Just ahead of the evidence session – somewhat belatedly – the Mayor published the full evaluation report of the main RE:NEW roll-out phase which ran from July 2011-May 2012 (a summary report had previously been issued – details here). A second oral evidence session will take place on 26 March, focusing on the Mayor’s decentralised energy programmes, with the Mayor’s energy advisor, Matthew Pencharz, in attendance.
February 2014: On 6 February, the London Assembly Environment Committee held an oral evidence session on the Mayor’s housing energy efficiency retrofit programme, RE:NEW, and its progress to achieving its stated CO2 targets. Details of the evidence session are set out here. A background paper to the evidence session is here. The session was available on webcast and can be viewed here.
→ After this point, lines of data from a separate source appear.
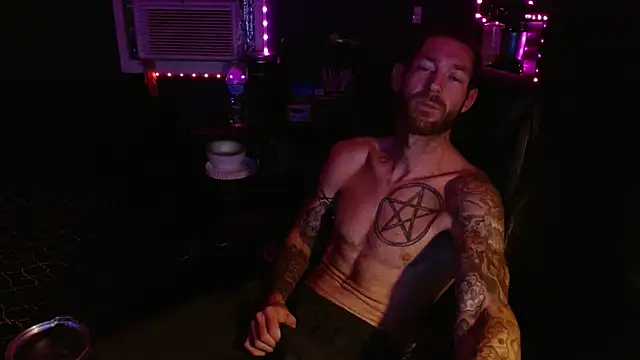 Snapshot of KingCole2390 chatting on 02-18-26, 07:48 KingCole2390 online show from 02-18-26, 07:48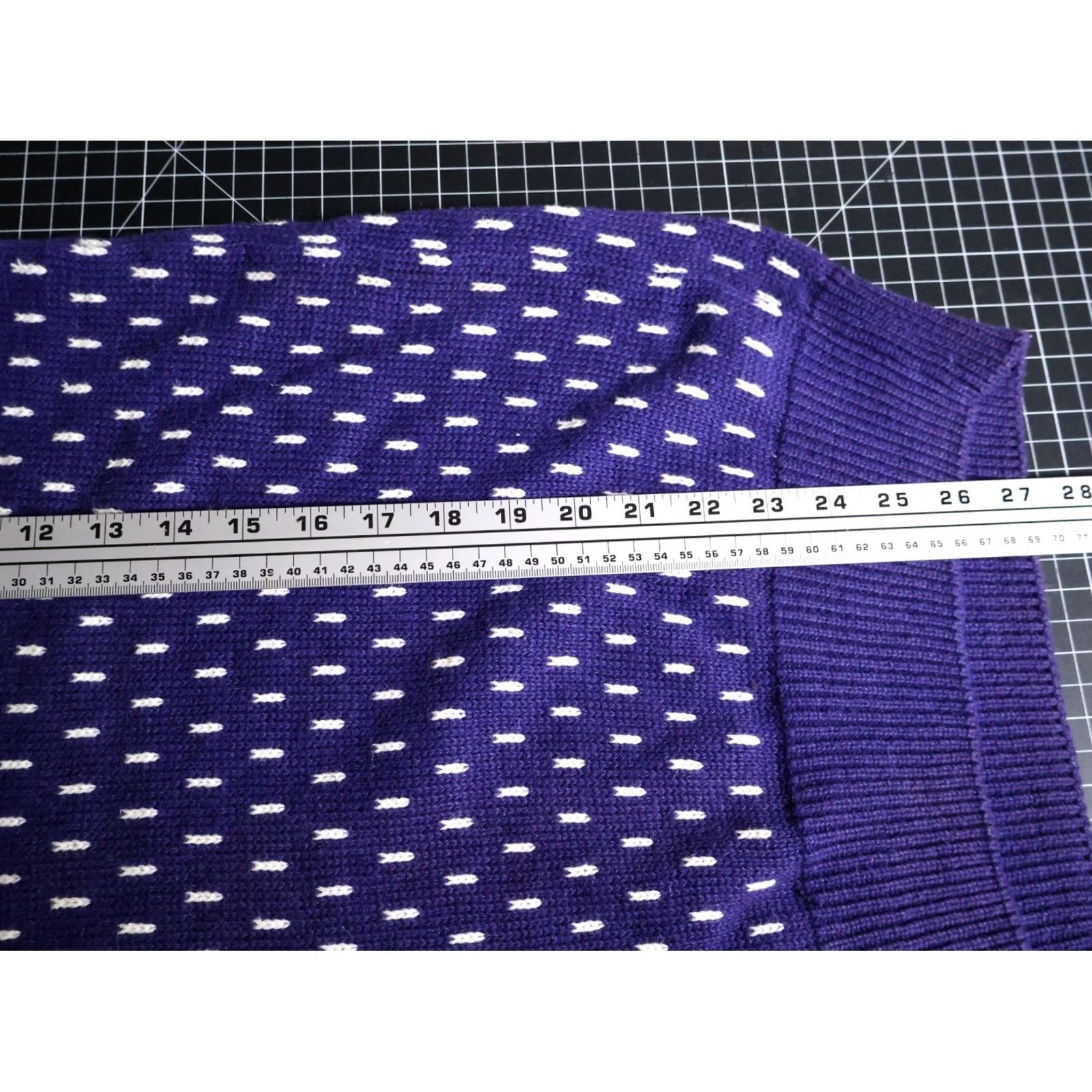 Vintage VINTAGE Boundary Waters Women's Large 90s Tennis Sweater Blue Birdseye V-Neck Cotton Ramie Blend Pullover Size L / US 10 / IT 46 - 6 Thumbnail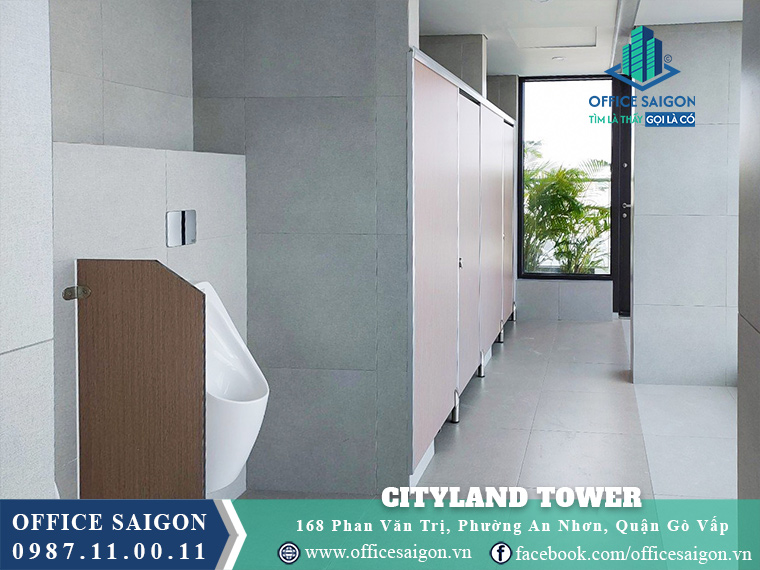 Toilet tại CityLand Tower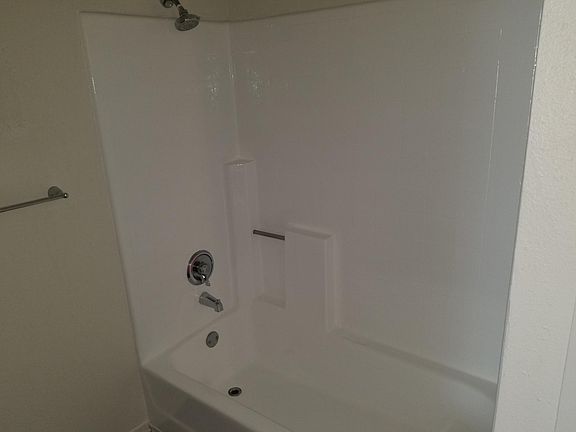 3rd image of 4148 Arch Dr #101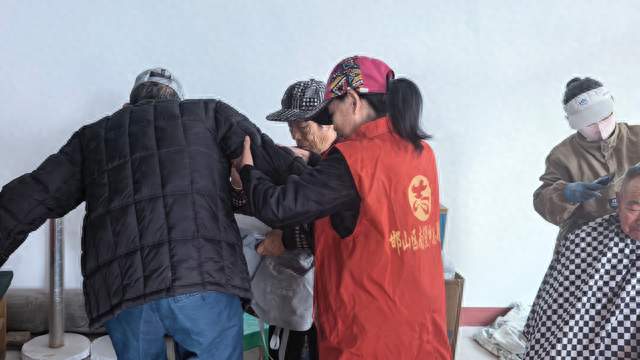 便民下乡进堡王 志愿服务暖乡村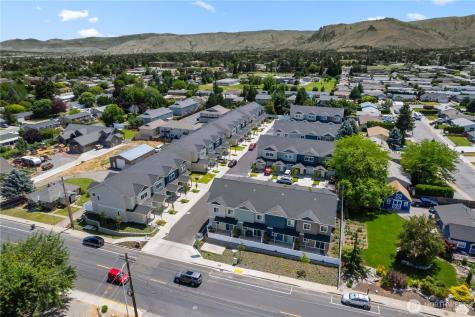1030 Finch Lane Wenatchee WA 98801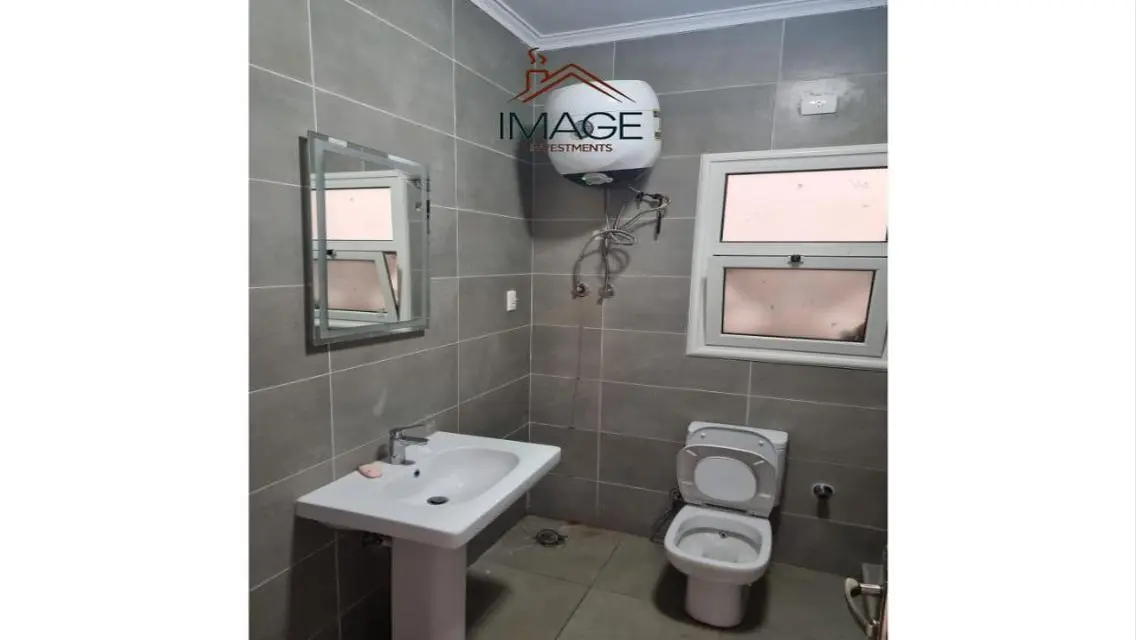 Directly on pool chalet for sale 2nd floor - Amwaj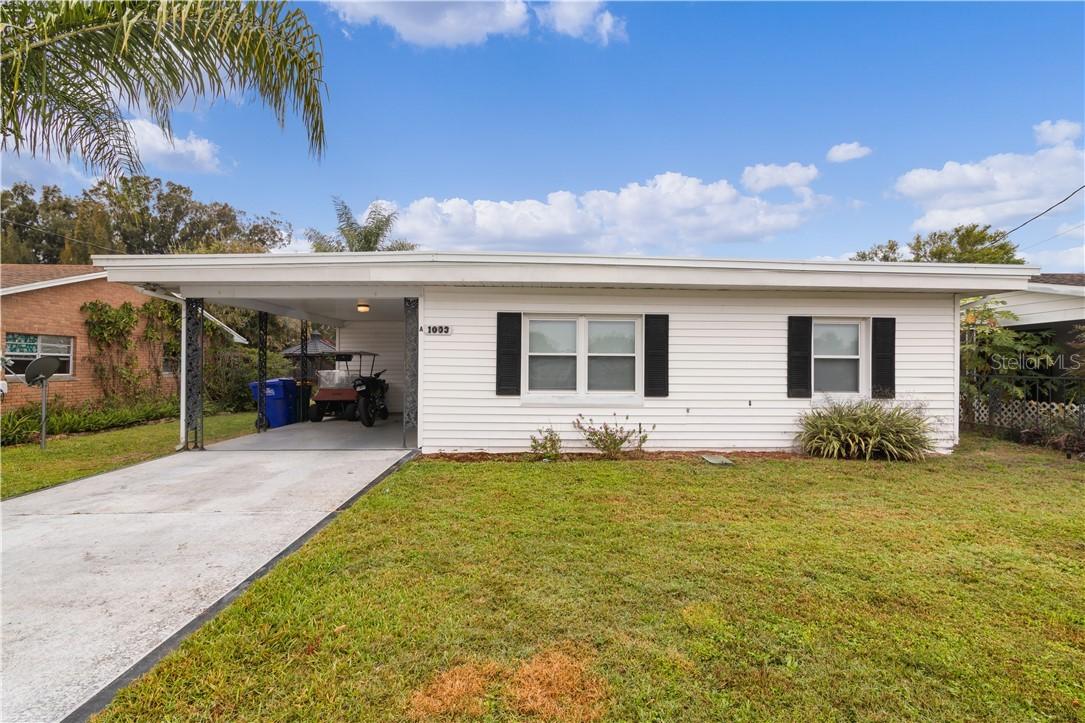 1003 Dora Ave., Tavares, FL 32778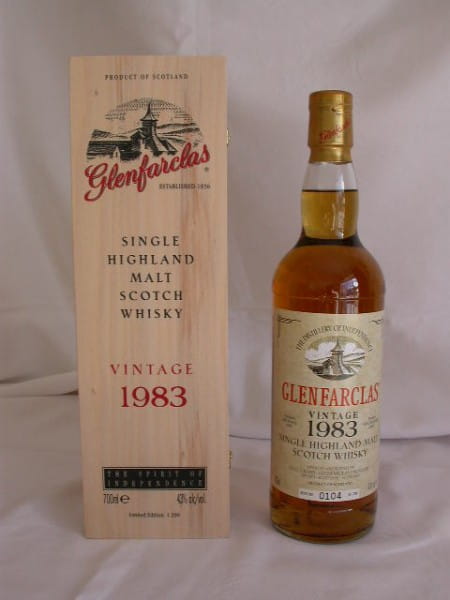 Glenfarclas 1983 in wooden box 43% vol. 0,7l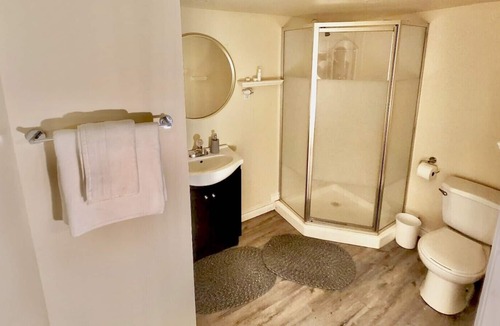 Sharon Apartment | Cozy 2BR Basement Apt in Newmarket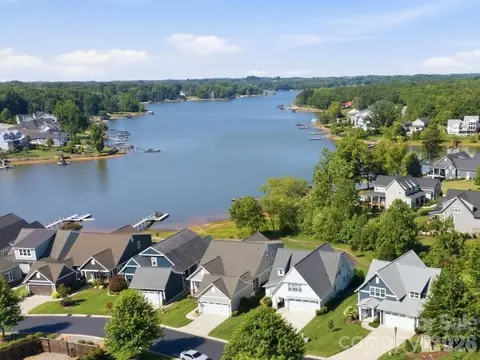 104 Sisters Cove Ct, Mooresville, NC 28117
January 2014: This month the Mayor has been asked questions in relation to:
the Mayor’s meetings with energy ministers; KPIs under the Mayor’s Climate Change Mitigation and Energy Strategy; establishing a London Energy Cooperative; ECO funding in London; the number of energy suppliers signed up to the Mayor’s MoU; the Mayor’s support for the Energy Bill Revolution’s Cold Homes Week; Kew Gardens decentralised energy scheme; London avoiding the ‘capacity crunch‘; solar installations on GLA buildings; the underheating of Londoners’ homes; the RE:NEW programme energy efficiency targets; the Mayor’s concerns over Government ‘Allowable Solutions‘ proposals; insulation industry jobs; Excess Winter Deaths; insulation projects stalled under ECO; the stalled Affinity Sutton insulation project; RE:NEW targets; retrofitting and planning restrictions; renewable energy installations on the GLA estate; GLA funding to Capita to manage the RE:NEW programme; British Gas funding to ECO; the Mayor’s High Level Electricity Working Group; LED streetlighting projects; CO2 savings achieved under RE:NEW; delayed CO2 savings under RE:NEW; the Climate Change Leaders for a Low Carbon London fuel poverty project; planning CO2 target requirements; meetings with DCLG; biofuel and London buses; GLA Environment Team budgets over next two years; Mayor’s application to the Government’s Green Deal Communities Fund; and tendering for License Lite services.
Previous months questions to the Mayor can be found here.
February 2014: At last week’s Mayoral Question Time, Green Party London Assembly member Jenny Jones questioned the Mayor over his retrofitting CO2 targets – which has been posted online and can be viewed here.
Assembly Member Jones states that by the end of the Mayor’s term of office, his CO2 reduction targets, as set out in London’s Climate Change Mitigation and Energy Strategy, will have been missed by three-quarters.
In response, the Mayor said that her comments should not be so dismissive: that he had protected the budgets for his retrofitting programme, over 90,000 homes had been retrofitted despite London’s population growing by 600,000 and London’s economy going ‘gang busters’, and that a 20% reduction in CO2 savings had been achieved since 2008. Ms Jones however promised to write to the Mayor setting out her analysis on the slow pace of London’s carbon reduction progress.
January 2014: The London Assembly’s Environment Committee is to hold an oral evidence session next week (30 January) on the Mayor’s carbon targets. A paper sets out that the evidence session forms part of an “investigation” into the delivery of the carbon targets, which will take place over February and March 2014.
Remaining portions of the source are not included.